Mereka juga berdoa bersama-sama, biasanya dipimpin oleh Pak Willy. Ah kalau
saya ingat mereka, saya jadi ingin kembali. Benar-benar pemandangan yang indah melihat murid dan guru di sini seperti keluarga sendiri, dekat dan
hangat. Seperti tidak ada batasan yang kaku tentang siapa guru dan siapa murid.
Tentu yang banyak terlibat dalam kegiatan benah diri adalah siswa-siswi yang
sudah menginjak remaja, katakanlah SD kelas 6 dan SMP. Karena di usia inilah
mereka sudah waktunya untuk banyak bersosialisasi, jadi mereka bisa lebih mudah
beradaptasi ketika bersama dengan orang-orang yang belum mereka kenal.
Bercerita mengenai benah diri di SLB Pelita Lestari, seketika muncul satu nama kepala saya. Adalah Tasya, siswi
kelas 6 yang cantik dan super duper berprestasi. Saya langsung jatuh cinta padanya
bahkan sejak kami belum bertemu. Ibu bapak guru banyak membicarakannya karena
ia adalah anak yang tanggap dan aktif.
“Tasya suka sekali menjahit. Kalau ibu guru mau ajari cara
membuat bros pasti dia langsung bisa.” Begitulah Bu Lestari menggambarkan Tasya
pada kami. Anyway, kami dipanggil ibu
guru hehehe.
Di bayangan saya kata “tuna” lebih menjurus pada kekurangan, ketidaksempurnaan
atau berbeda dengan yang lain. Termasuk ketika tahu Tasya ini tuna grahita.

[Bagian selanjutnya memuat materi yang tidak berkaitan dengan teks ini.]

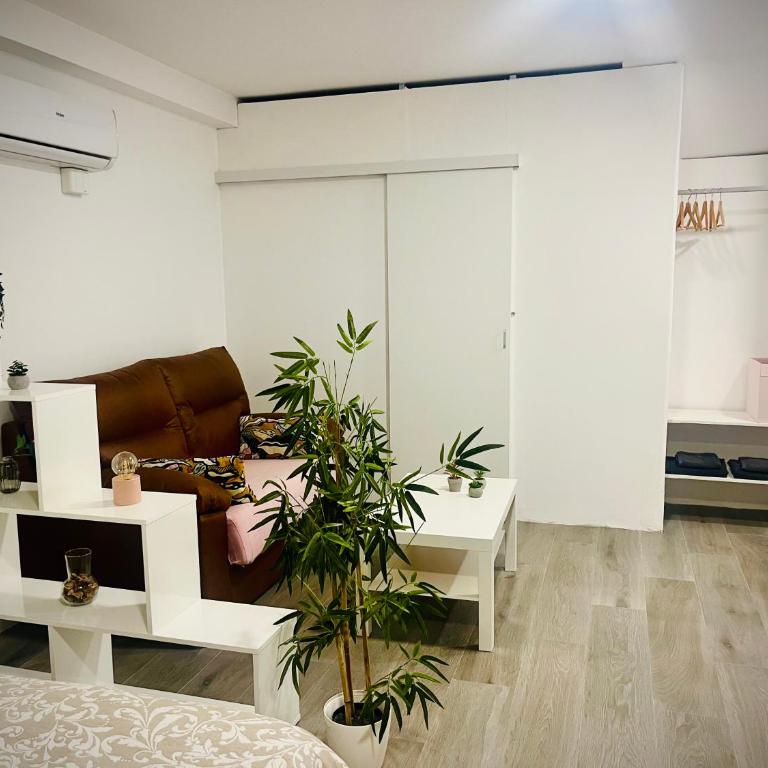 Luxury Carihuela Beach - Three-Bedroom Apartment - 45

Saya sudah membayangkan akan sangat sulit berkomunikasi dengannya. Apalagi jika
saya mengulik tentang kehidupannya di luar sekolah. Namun saya salah besar, apa
yang sudah saya bayangkan sebelumnya ternyata sangat sangat lain dengan
kenyataannya. Secara fisik ia seperti anak perempuan lain seusianya. Cantik, tinggi,
tegap, manis, dan rajin. Yang membedakan hanya cara berkomunikasi. Ia biasa
menggunakan bahasa isyarat sedang saya sama sekali tak bisa bahasa isyarat.
Namun dengan gerakan tangan dan dibantu Pak Willy, akhirnya saya bisa ajak dia ‘ngobrol'.
Kebetulan ketika itu saya hanya berdua bersama Risky. Ya, di
antara kami berdua belas hanya saya dan Risky memang yang paling antusias untuk
mengajar di Sekolah Luar Biasa. Hari itu Tasya membawa beras dan telur dari
rumah. Oh iya saya lupa katakan kalau di sini, tidak melulu guru yang menyediakan bahan makanan. Siswa juga seringkali
membawa sembako dari rumah, tentunya
untuk dimasak dan dimakan bersama-sama di sekolah.
“Ayo Tasya masak sendiri ya dibantu ibu-ibu guru ini.” Kata Pak
Willy sambil menunjuk kami berdua.
“Gak bisa, Pak.” Sambil menampakkan raut muka sedih Tasya
menjawab dengan isyarat tangan serta suara terbata-bata.
“Bisa, kami ajari. Pelan-pelan aja.” Saya coba yakinkan dia.
Kalau saya, bukan dengan isyarat tangan tapi dengan gerakan bibir.
Kemudian saya ajak dia menakar beras menggunakan gelas. Saya
sempat kesulitan bagaimana cara menjelaskan tentang takaran beras ini. Akhirnya
saya urung banyak bicara tapi lebih banyak memberinya contoh. Saya lakukan dan
dia mengikuti. Untungnya Tasya adalah anak yang cepat tanggap dan kritis, jadi
tanpa banyak penjelasan ia bisa langsung paham. Begitu pula ketika ada yang
dibingungkan, seketika ia bertanya dan saya jawab sebisa saya sampai ia paham.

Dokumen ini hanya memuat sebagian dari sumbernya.